■ Exercise goal ■
Every line from the top of the records below through the one containing "Attēlu rezultāti vaicājumam" must be copied exactly, and the pictures must not be.

======== Dataset ========

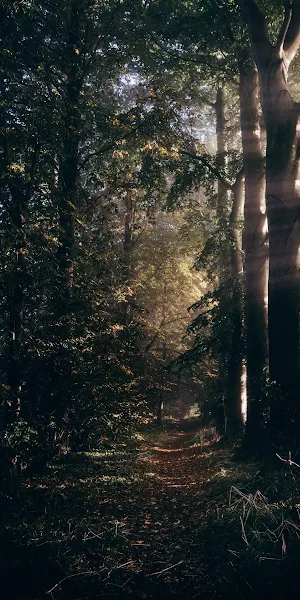 Woodland, Damaksnis, Forest, Nature, Tree Full HD iPhone Wallpaper Background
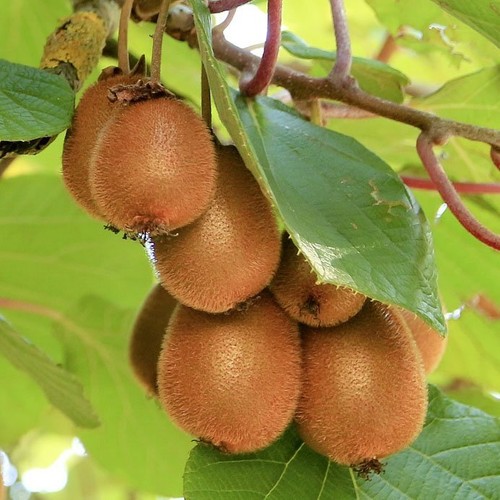 Actinidia jenny produce - 2l,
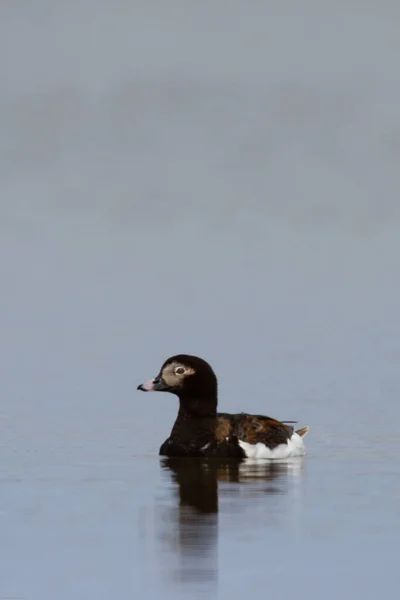 Primer plano de un pato de cola larga macho — Foto de Stock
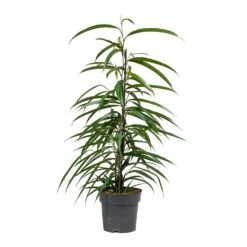 Ficus Alii - Long Leafed Fig 15 Ficus Alii - Long Leafed Fig -Plant Promotion Store Ficus Alii Long Leafed Fig 17x70cm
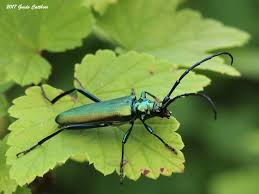 Attēlu rezultāti vaicājumam “Aromia moschata”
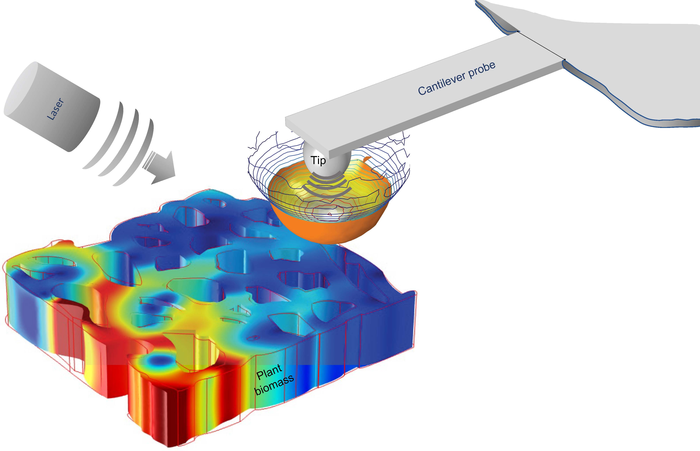 Scattering-type scanning near-field optical microscopy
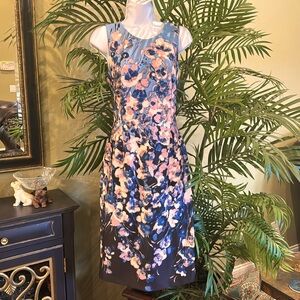 White House Black Market, Blue and Pink Floral Sheath Dress, Size 6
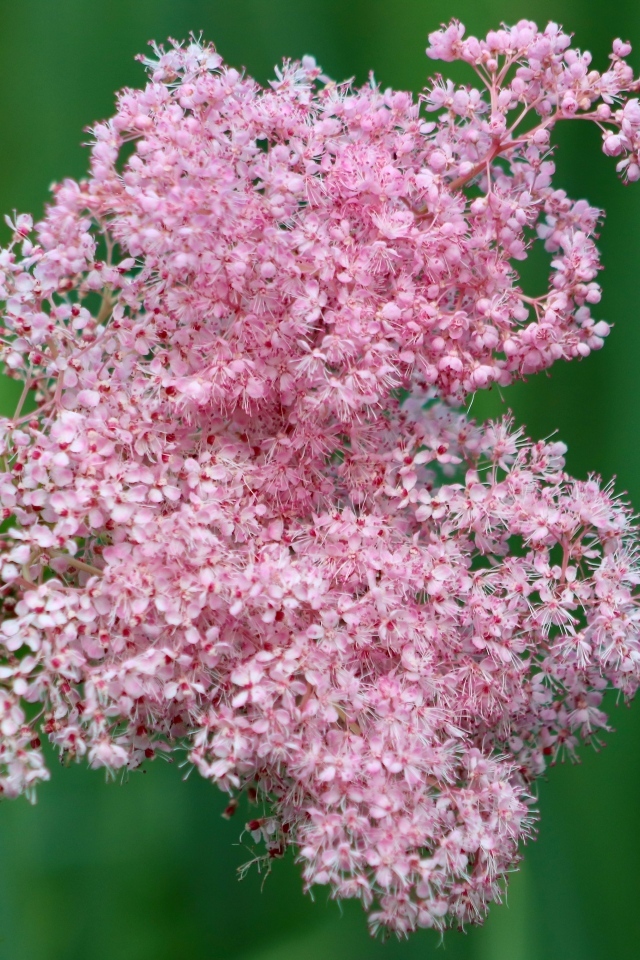 Красивый розовый цветок таволга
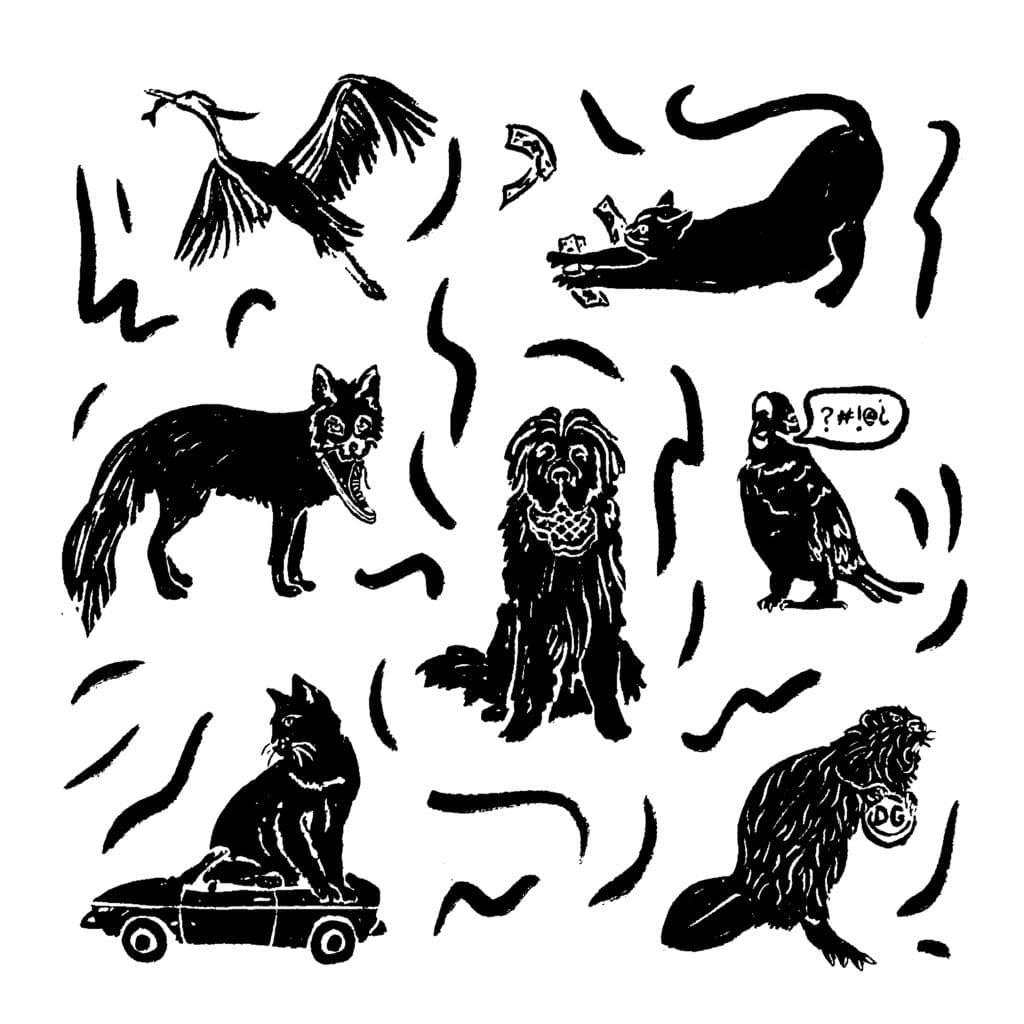 A Splendid Newfoundland, Cursing Birds, and the Fashion Fox artwork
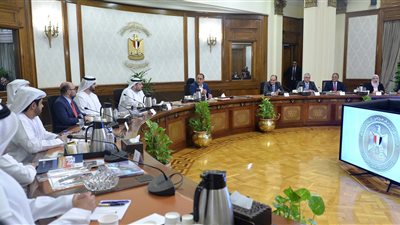 مدبولي لـ وزير الاستثمار الإماراتي: الفترة الحالية تشهد فرصًا واسعة للقطاع الخاص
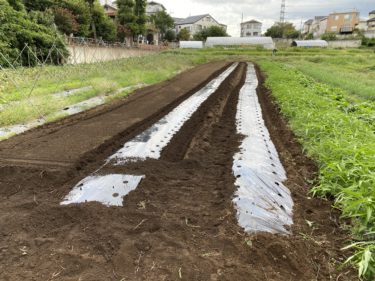 2020年9月10日(木)の作業記録 (小松菜播種作業、大根畝作り)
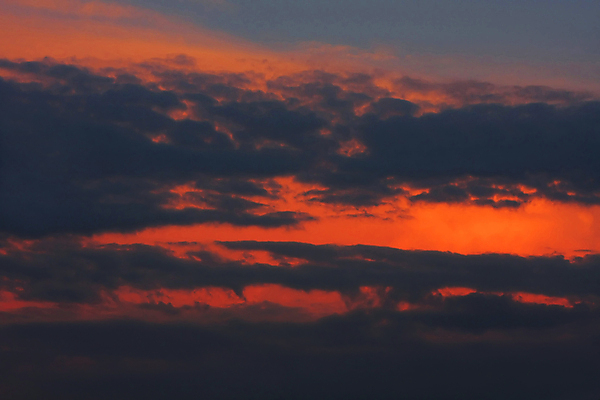 포토 JPG 해외이미지 구름 계절 백그라운드 오렌지 자연 하늘 바람 날씨 풍경 사람없음 야외 가로 빨간색 여름 파란색 빛 우주 환경 보라색 활발 회색 자유 저녁 제비꽃 장면 폭풍 흐림 해외202004 해외포토 자연요소 꽃 컬러 컨셉 과일 야간 생태계 파일형식 이미지허브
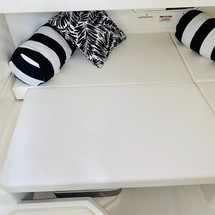 Sea Ray SDX 250 OB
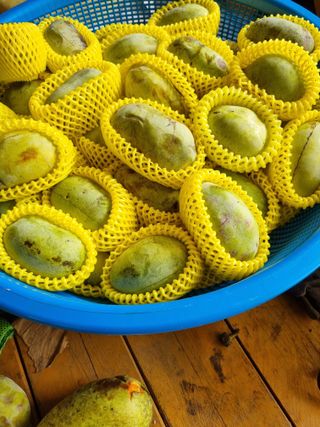 김현숙 블루베리 작두콩님의 기타작물 · 영농일지 작성글 사진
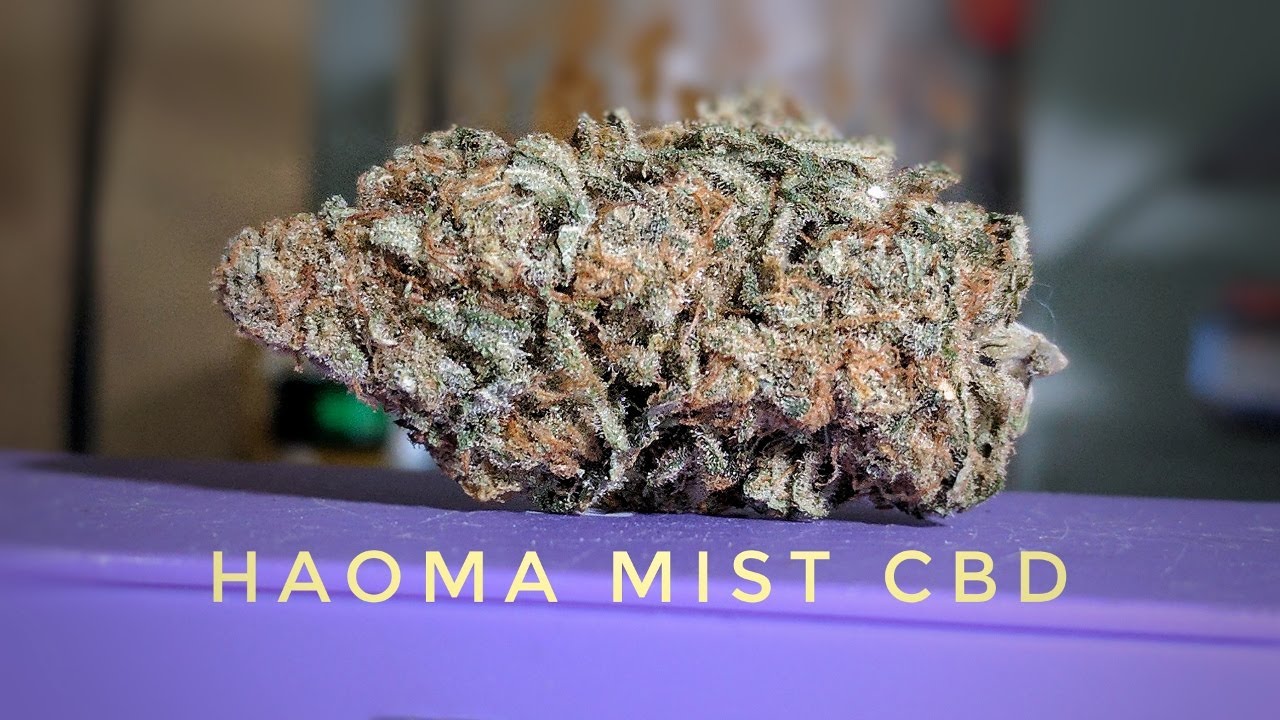 Strain Review - Hmt - Haoma Mist CBD - MMJ Total Health Care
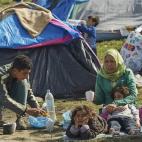 5c8b0a912300005300e77341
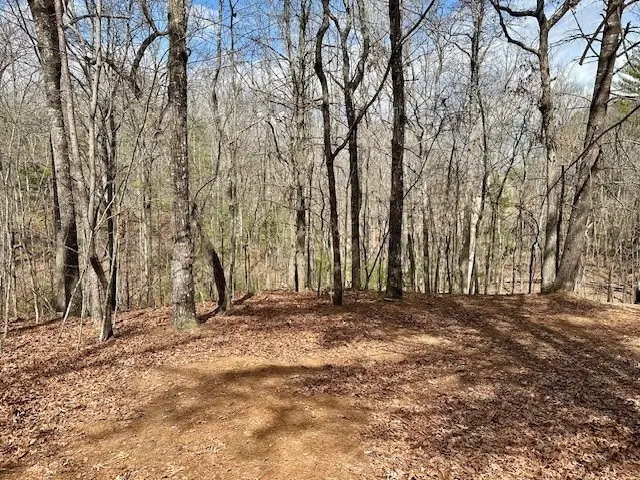 Lot 7 Whitleys Cove, Murphy Township, NC 20906 - Image #3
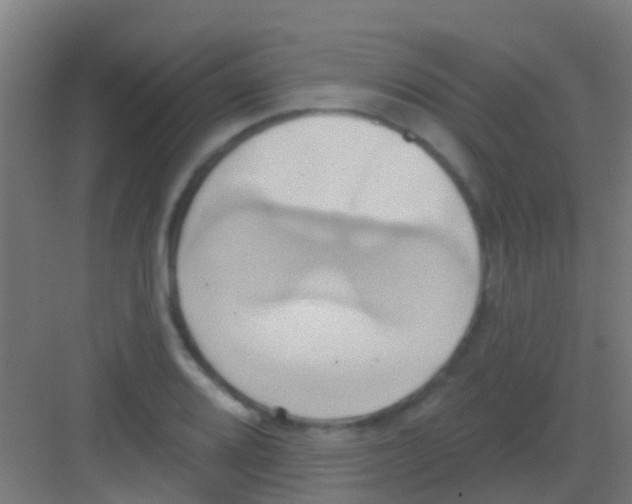 X0000081301080200702082038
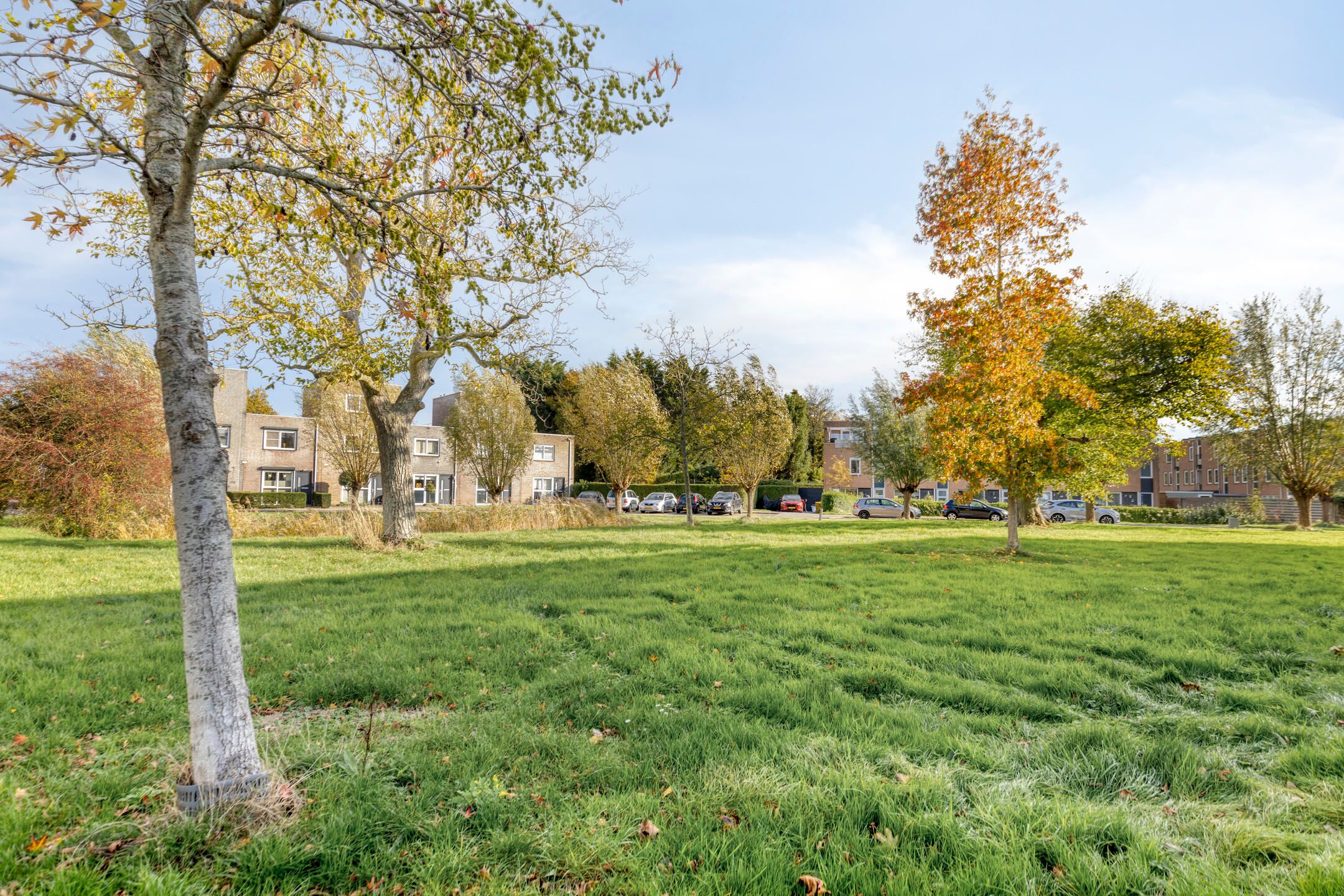 Photo 36 of Weegbreepad 86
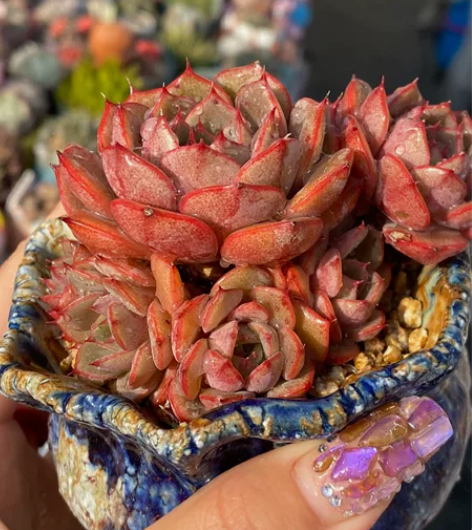 【劳伦斯手捧群飘枝】冠服6.5-7cm。木...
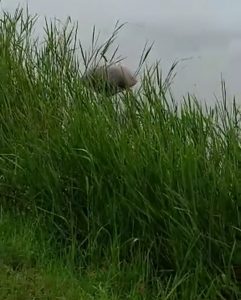 Corpo Encontrado Boiando Na Lagoa do Parque da Cidade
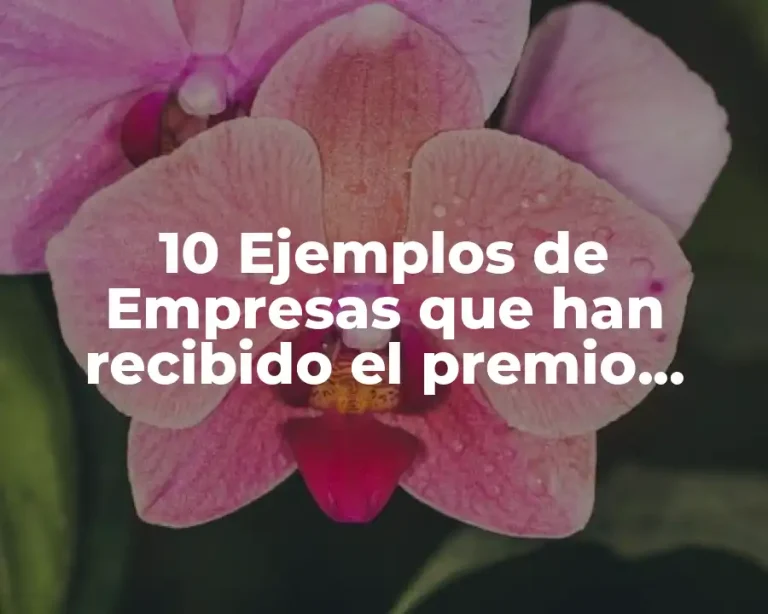 10 Ejemplos de Empresas que han recibido el premio Malcolm Baldrige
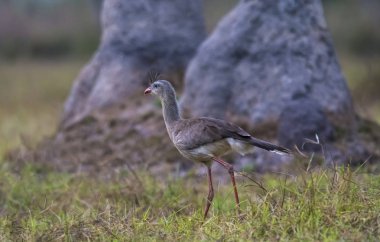 Kırmızı bacaklı Seriema, Pantanal, Brezilya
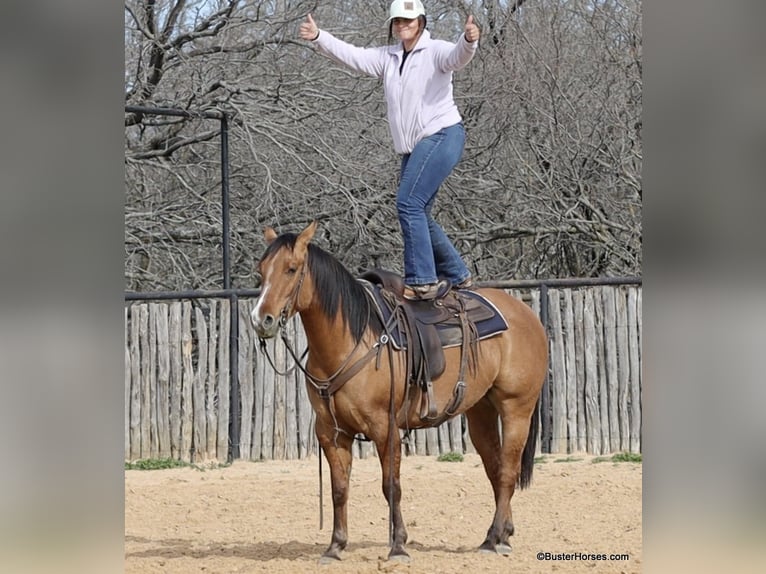 American Quarter Horse Gelding 5 years 14,2 hh Dun in Weatherford TX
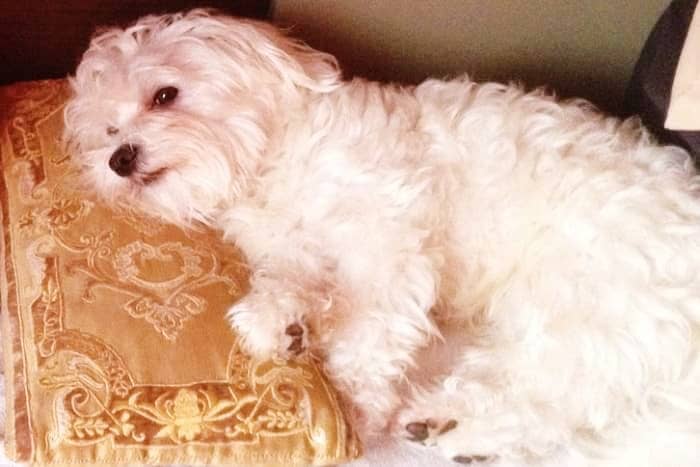 sofa para perro pequeño comprar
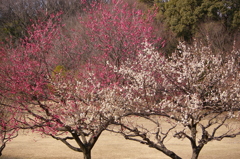 大高緑地公園にて
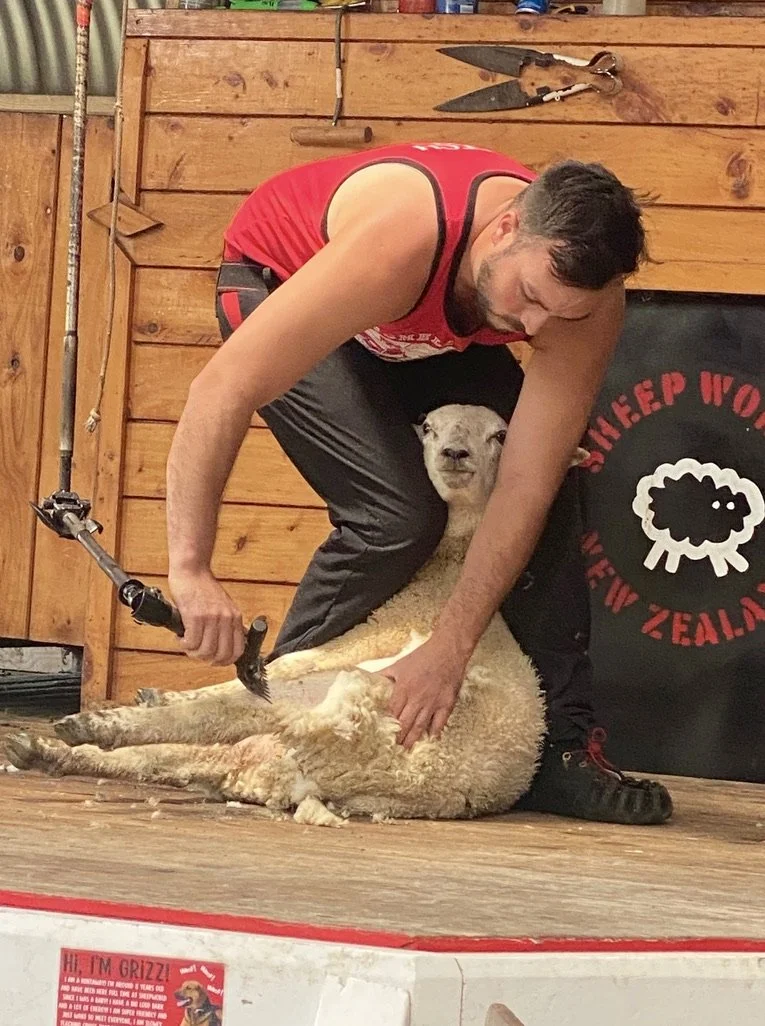 sheepworld image1_c.jpeg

========

■ Task solution ■
 Woodland, Damaksnis, Forest, Nature, Tree Full HD iPhone Wallpaper Background
 Actinidia jenny produce - 2l,
 Primer plano de un pato de cola larga macho — Foto de Stock
 Ficus Alii - Long Leafed Fig 15 Ficus Alii - Long Leafed Fig -Plant Promotion Store Ficus Alii Long Leafed Fig 17x70cm
 Attēlu rezultāti vaicājumam “Aromia moschata”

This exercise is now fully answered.